Some of the the overseas manufacturing may be more about the raw materials, but most of these boards are made in clean rooms by large assembly machines. There isn't that much human labor involved.


----------



## SR22pilot (Aug 16, 2018)

GDN said:


> I'm not arguing that it will be more expensive, but we can sit back and have our asses owned by other countries or we can build it here and pay a little more for it. Some day we will get tough again and quit being owned by the rest of the world. I don't know what the capabilities of the new TI place will be, but they are trying. https://www.cor.net/Home/Components/News/News/4061/73
> 
> Some of the the overseas manufacturing may be more about the raw materials, but most of these boards are made in clean rooms by large assembly machines. There isn't that much human labor involved.

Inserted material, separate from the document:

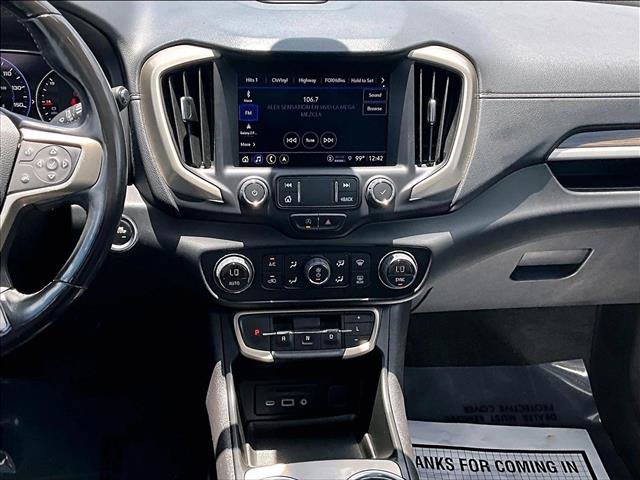 Used 2022 GMC Terrain Denali w/ Denali Premium Package AWD/4WD image 8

Try actually making a TV here. The panel technology doesn't exist anymore. If you believe what you are saying then force TV's to be made in the US. All current TV's would disappear and we would suffer years of inferior product followed by TV's becoming decent but outrageously expensive. In maybe 10 years you might see something finally competitive on the world stage.

Instead, we can start by keeping technology here. Instead of fighting against Tesla, the government should be supporting a company that, at the moment, has a lead over the foreign competition. However, based on past history, EV's will be another area where we throw away a lead because we are short sighted.


----------